*** Opening of Data for this task ***

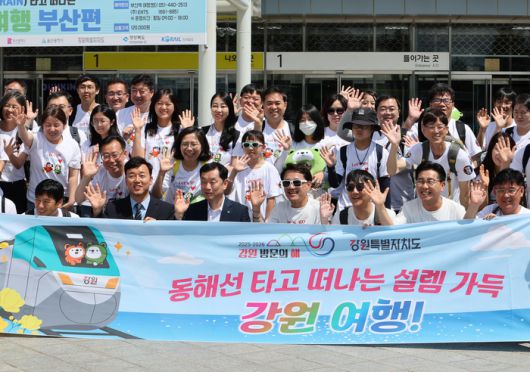 사진|강원특별자치도청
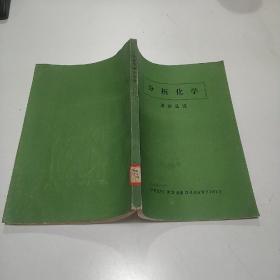 分析化学  进步总说【日文】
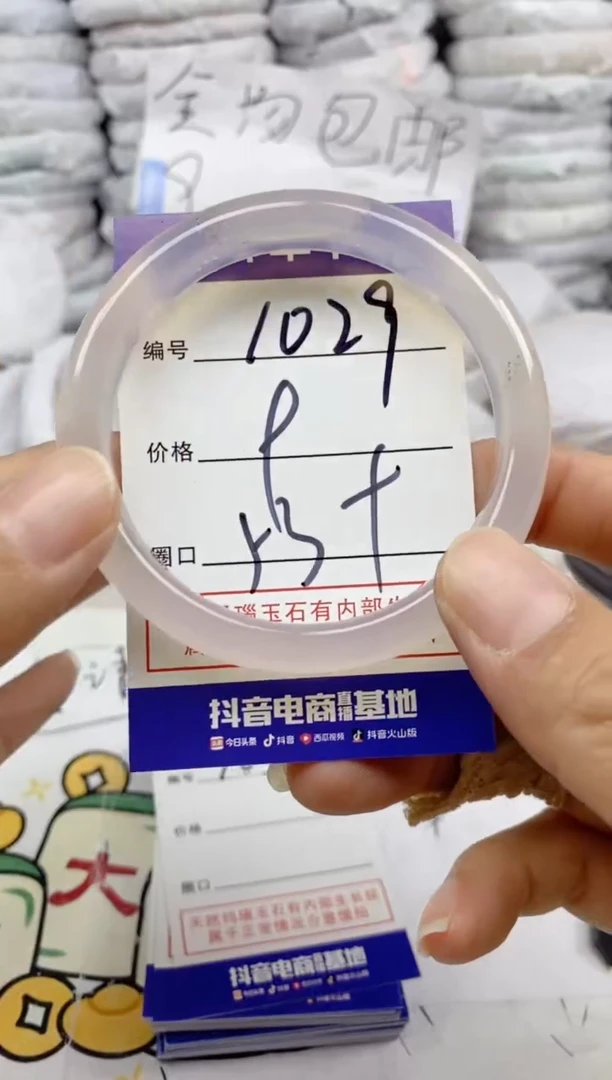 手镯玛瑙/玉髓未镶嵌1029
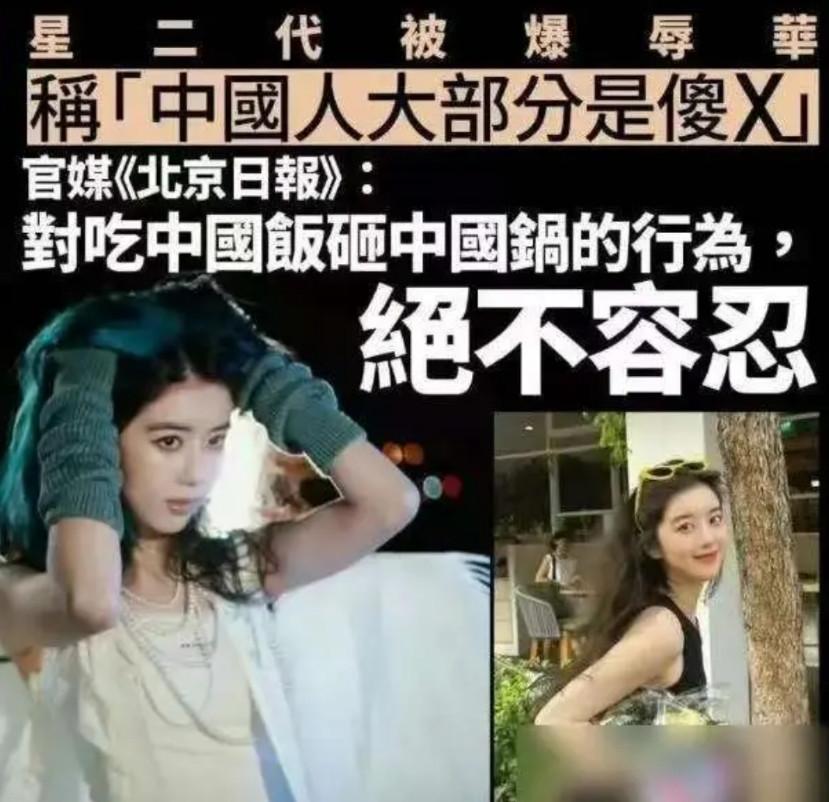 李凯馨妈妈权怡凤这回是真被女儿坑惨了！出事后一家人的黑料被扒了个底朝天:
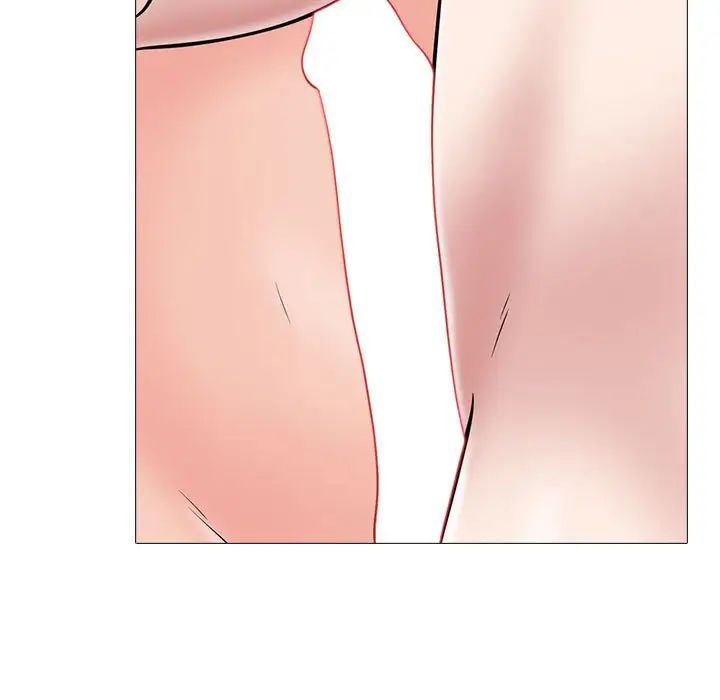 心機女教授第86話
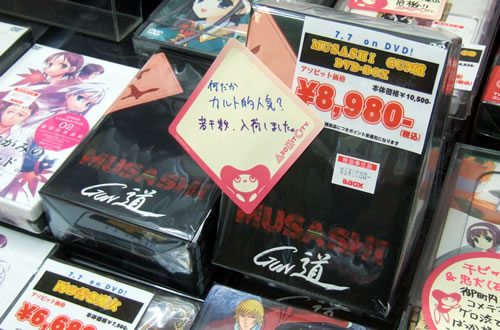 「何だか カルト的人気?」 MUSASHI GUN道 再入荷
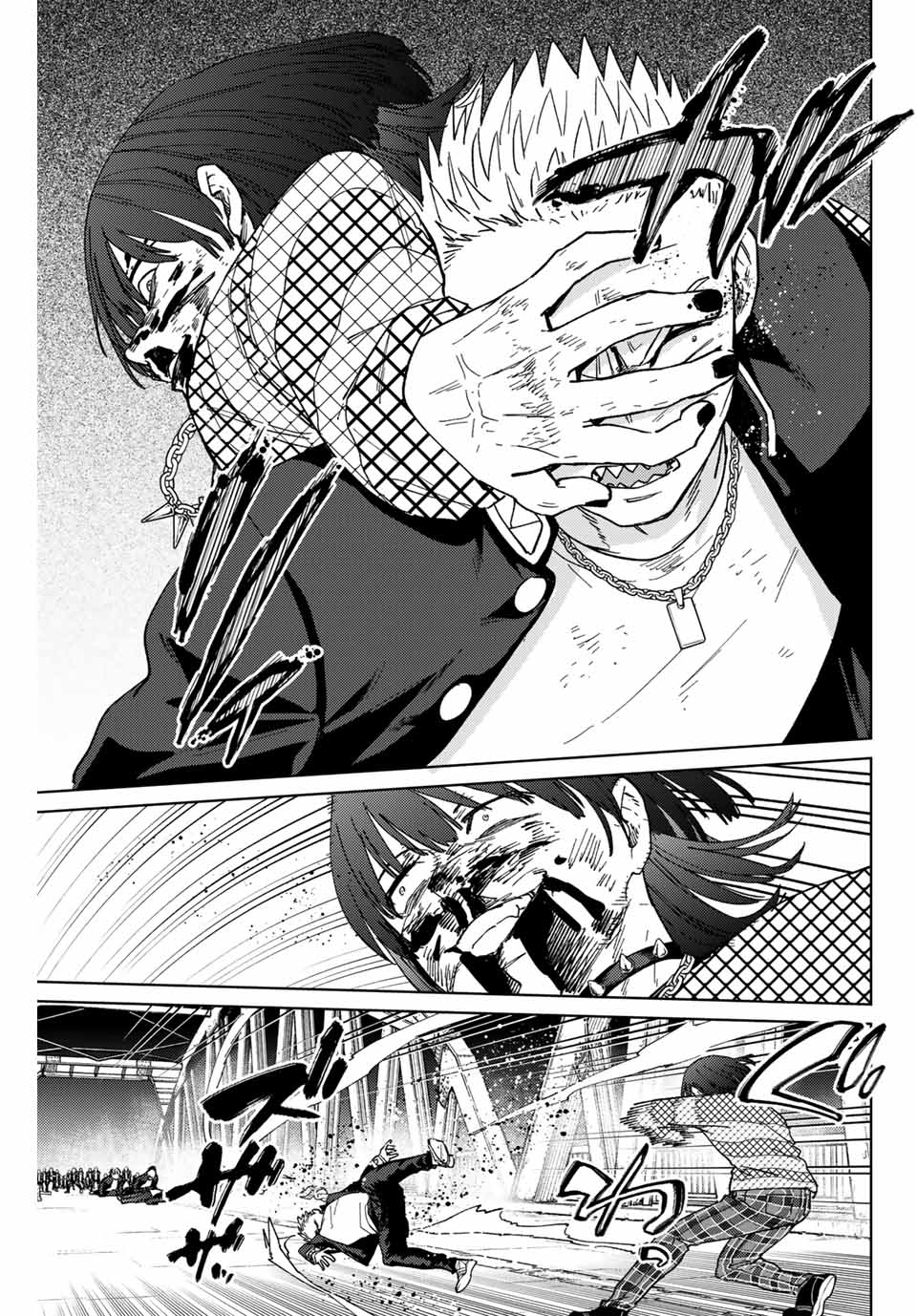 Wind Breaker (NII Satoru) - Chapter 128 - Page 15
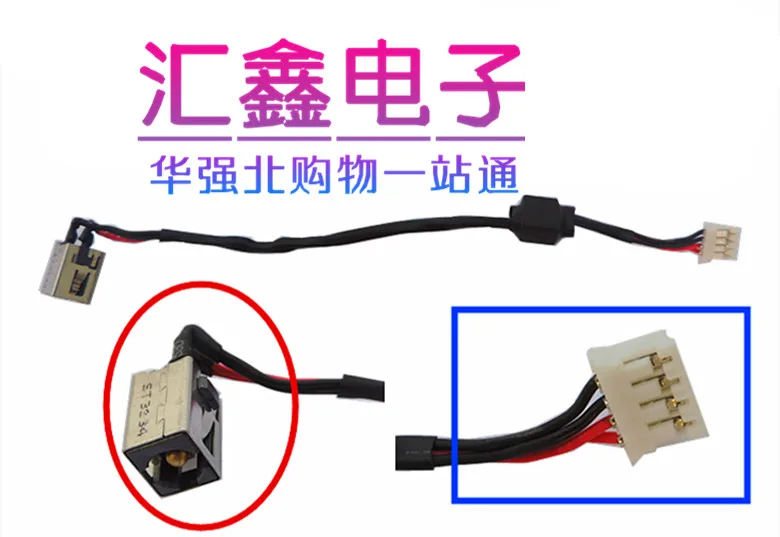 

DC Power Jack cable For ASUS X43U X43B K43T K43TA K43BY K53T K53E X53U X53B A53U K53U K53TA K53TK K53E laptop DC-IN Flex Cable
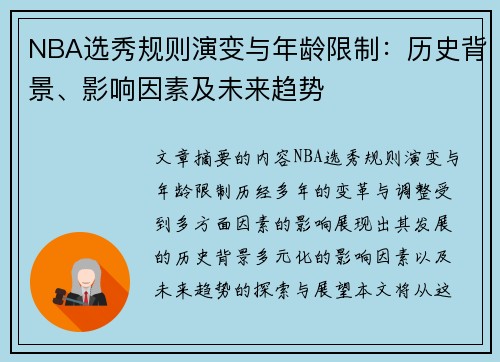 NBA选秀规则演变与年龄限制：历史背景、影响因素及未来趋势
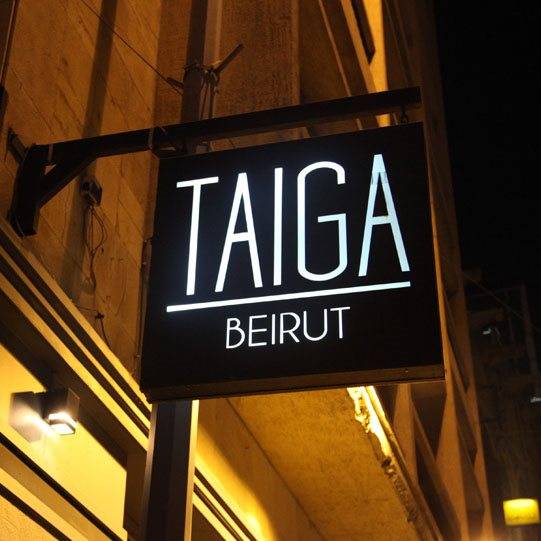 بالفيديو.. إشكال وإطلاق نار أمام الـ"Taiga"!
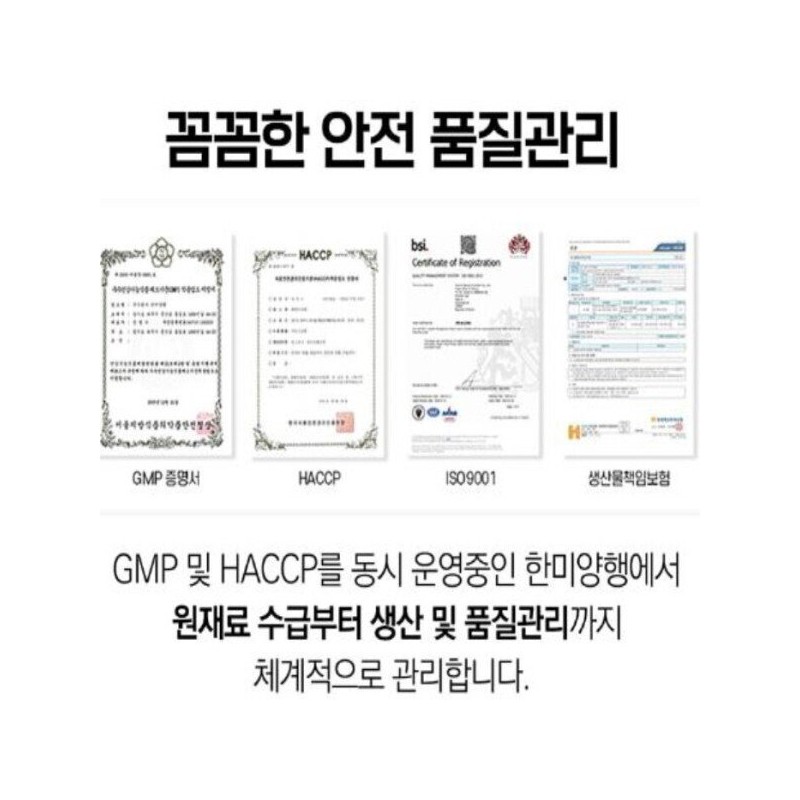 Hanmi Yanghaeng 아이딜 멀티비타민 미네랄 필수영양소 비타민미네랄 체력 활력증진 30정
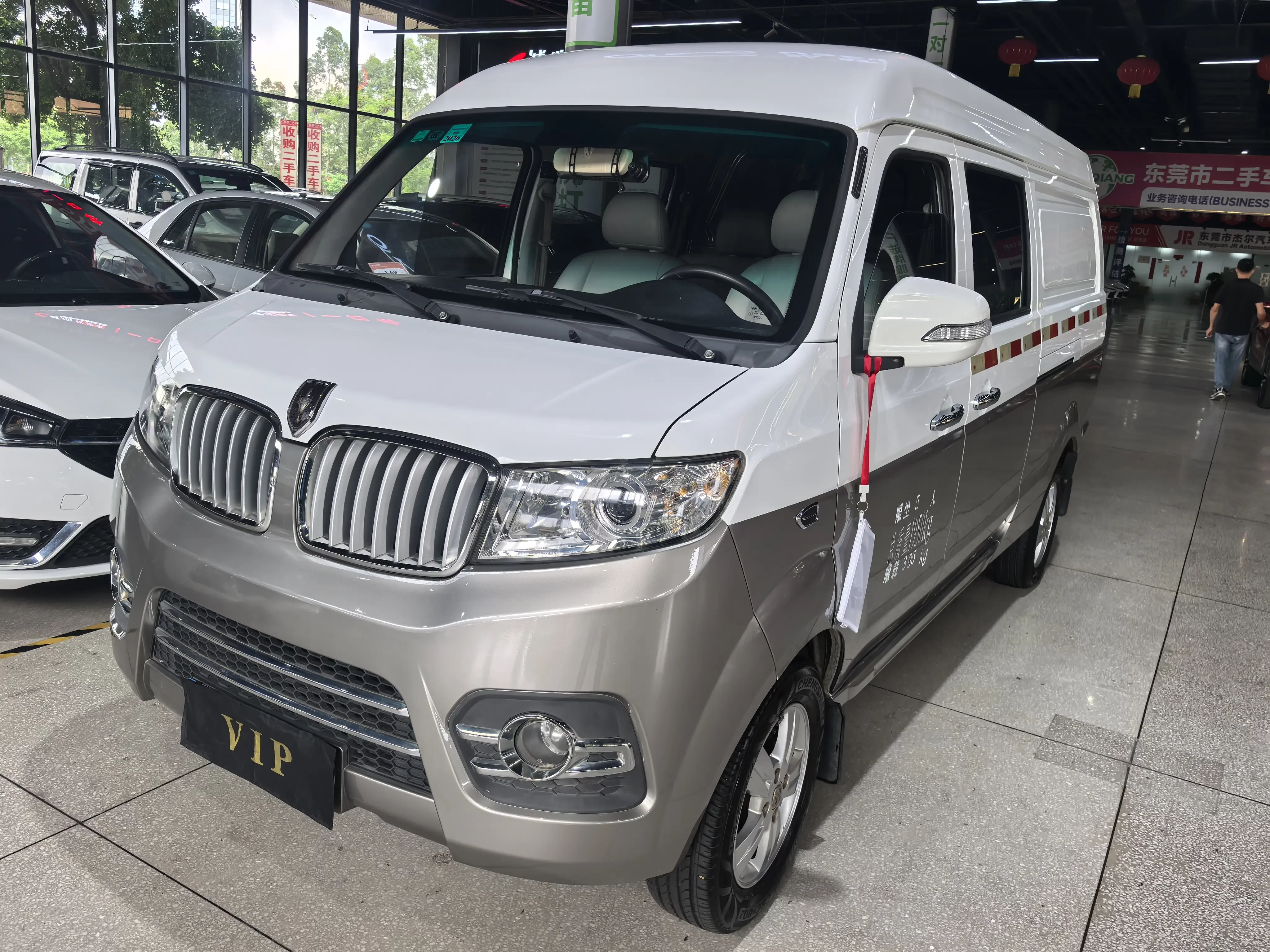 Golden cup New Hiace X30L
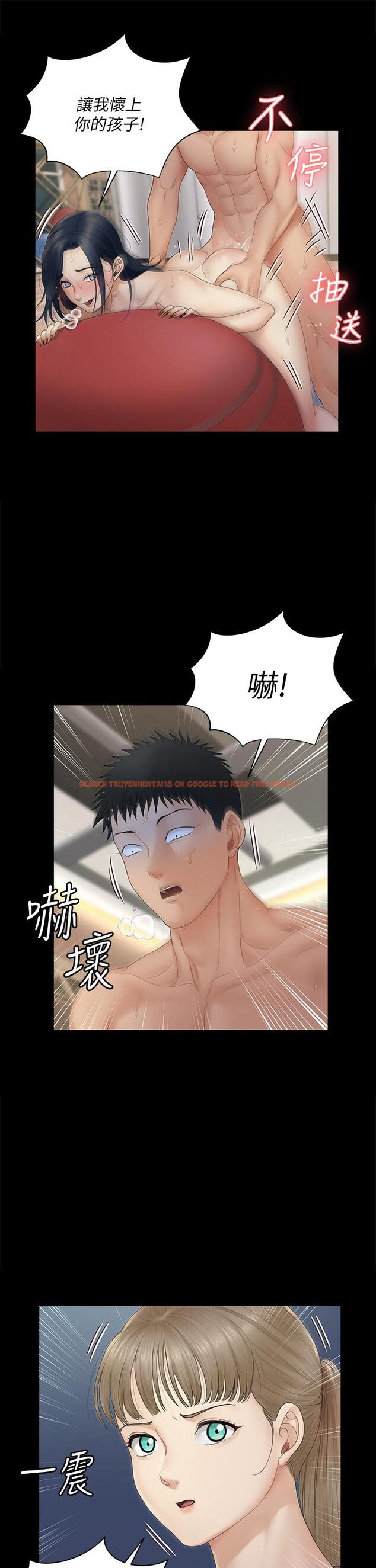 查看漫画淫新小套房 - 第164話-要求內射的敏晶 - www.tymanga.com中的827889图片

*** Close of Data for this task ***

◆ **Assigned task**: Without changing a word, transcribe all of the data and omit its images.

◆ **Exercise solution**:
 사진|강원특별자치도청
 分析化学  进步总说【日文】
 手镯玛瑙/玉髓未镶嵌1029
 李凯馨妈妈权怡凤这回是真被女儿坑惨了！出事后一家人的黑料被扒了个底朝天:
 心機女教授第86話
 「何だか カルト的人気?」 MUSASHI GUN道 再入荷
 Wind Breaker (NII Satoru) - Chapter 128 - Page 15

DC Power Jack cable For ASUS X43U X43B K43T K43TA K43BY K53T K53E X53U X53B A53U K53U K53TA K53TK K53E laptop DC-IN Flex Cable
 NBA选秀规则演变与年龄限制：历史背景、影响因素及未来趋势
 بالفيديو.. إشكال وإطلاق نار أمام الـ"Taiga"!
 Hanmi Yanghaeng 아이딜 멀티비타민 미네랄 필수영양소 비타민미네랄 체력 활력증진 30정
 Golden cup New Hiace X30L
 查看漫画淫新小套房 - 第164話-要求內射的敏晶 - www.tymanga.com中的827889图片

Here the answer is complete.